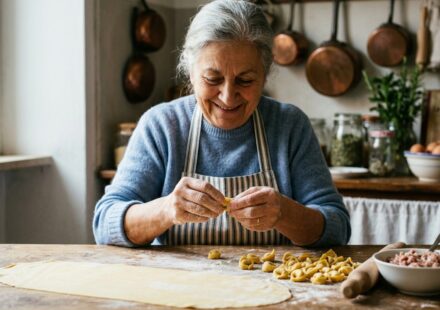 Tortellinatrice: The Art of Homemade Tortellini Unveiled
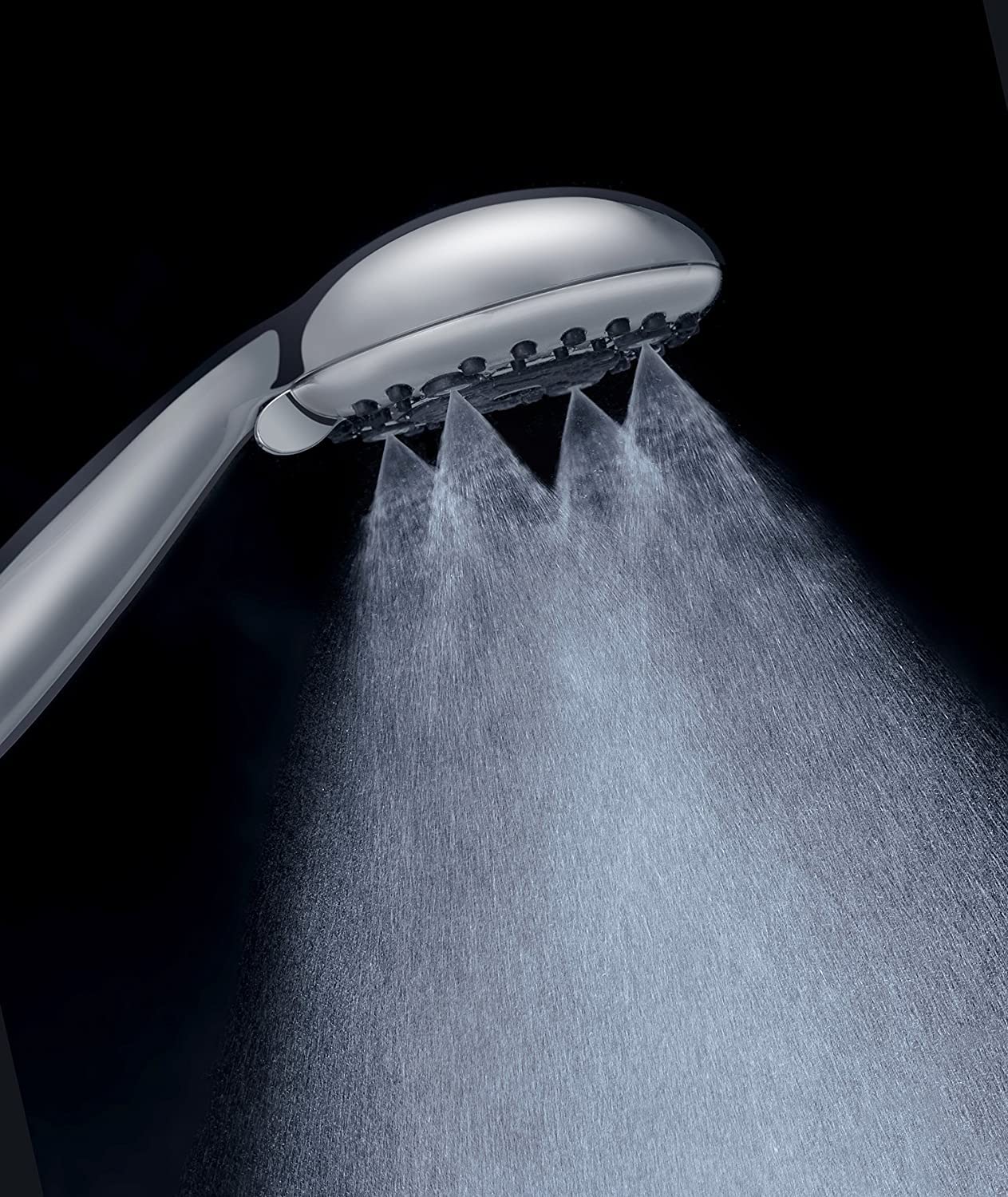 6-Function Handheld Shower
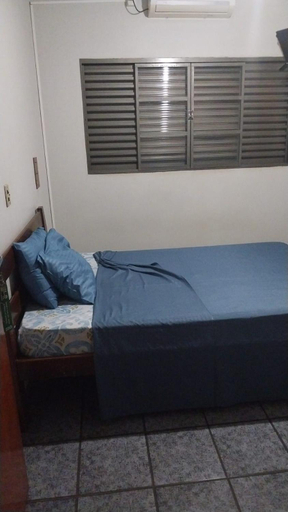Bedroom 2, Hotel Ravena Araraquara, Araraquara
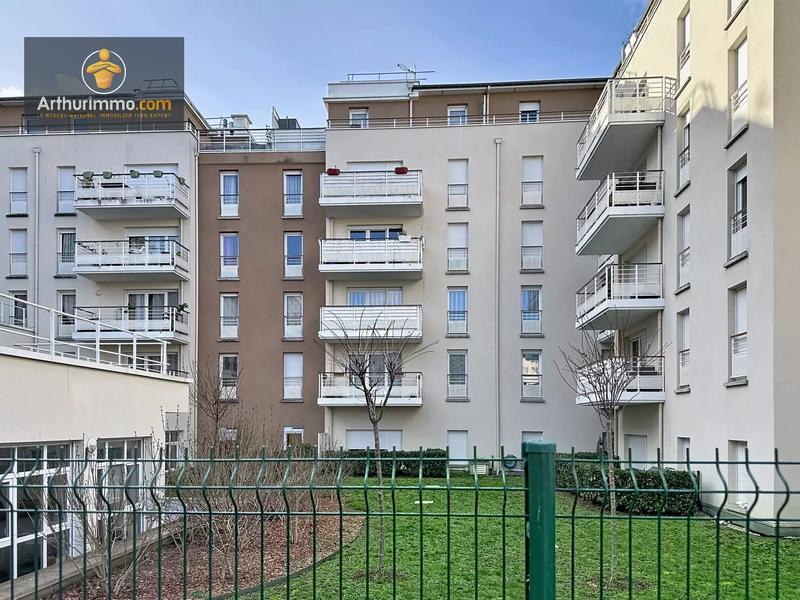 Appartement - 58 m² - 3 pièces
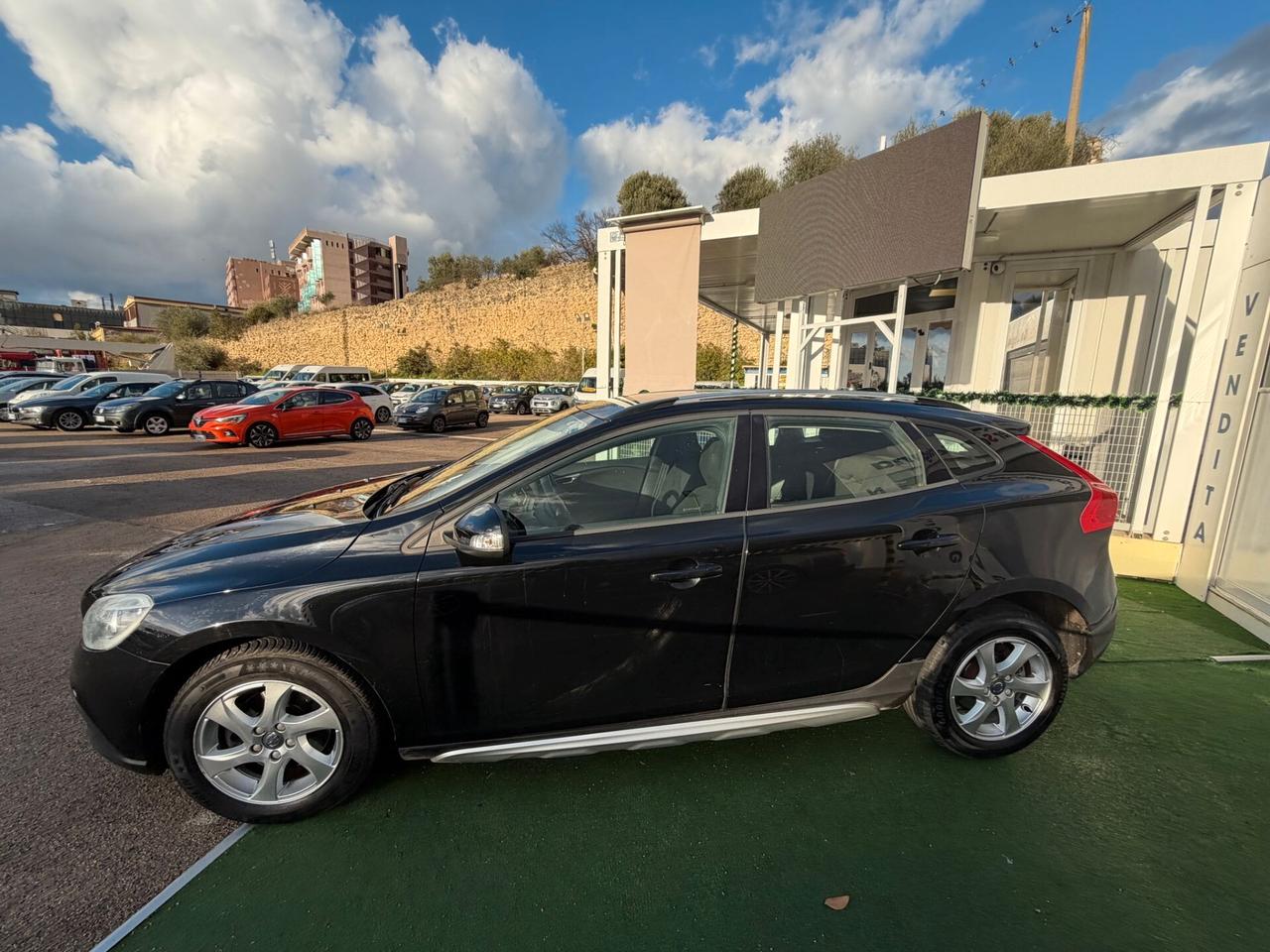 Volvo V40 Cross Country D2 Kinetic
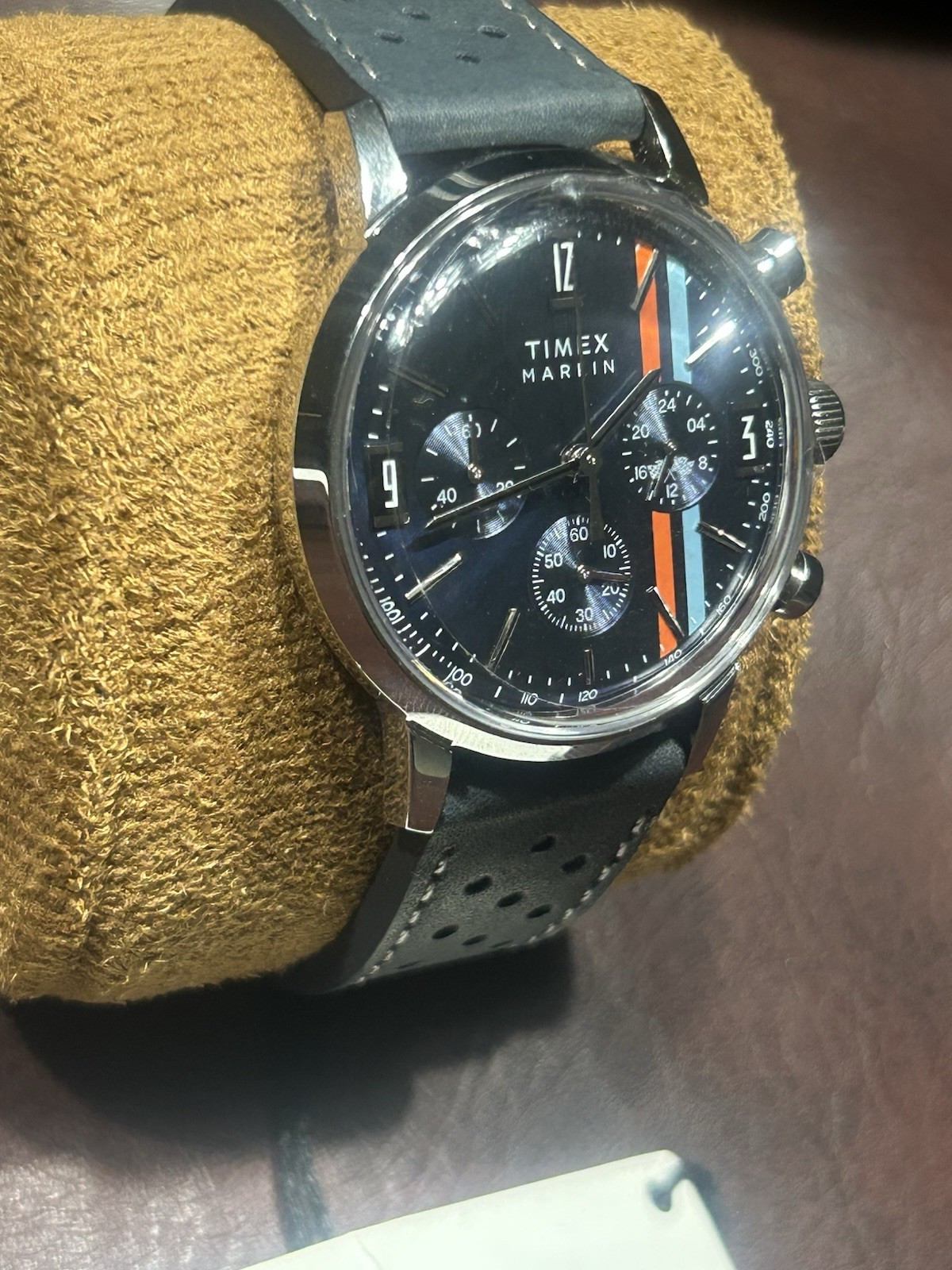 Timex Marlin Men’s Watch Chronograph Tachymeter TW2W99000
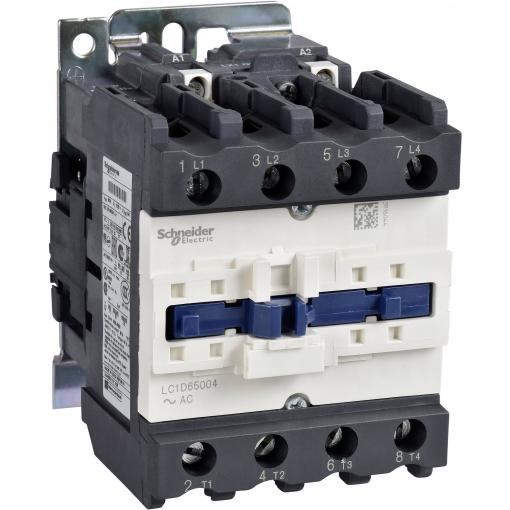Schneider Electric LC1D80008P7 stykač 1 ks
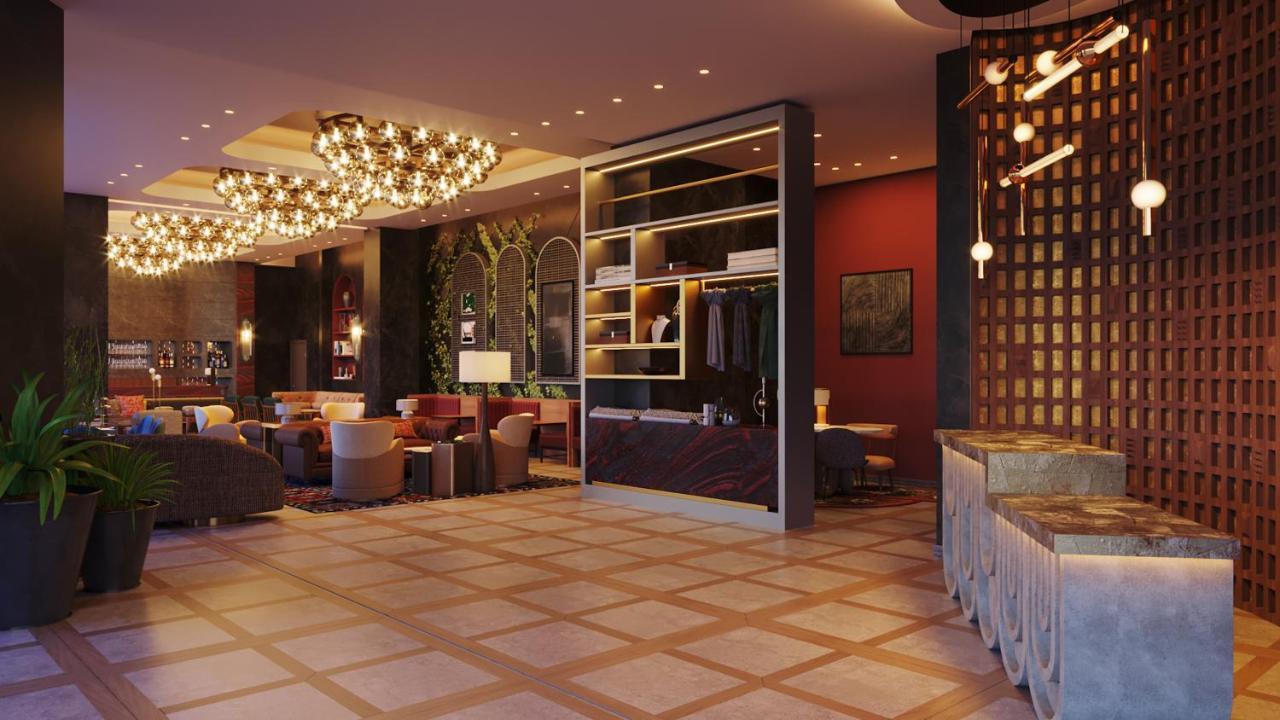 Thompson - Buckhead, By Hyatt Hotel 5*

·····

Problem ▸
Everything in the listing above must be retyped exactly, except for the pictures.

Written solution ▸
 Tortellinatrice: The Art of Homemade Tortellini Unveiled
 6-Function Handheld Shower
Bedroom 2, Hotel Ravena Araraquara, Araraquara
 Appartement - 58 m² - 3 pièces
 Volvo V40 Cross Country D2 Kinetic
 Timex Marlin Men’s Watch Chronograph Tachymeter TW2W99000
Schneider Electric LC1D80008P7 stykač 1 ks
 Thompson - Buckhead, By Hyatt Hotel 5*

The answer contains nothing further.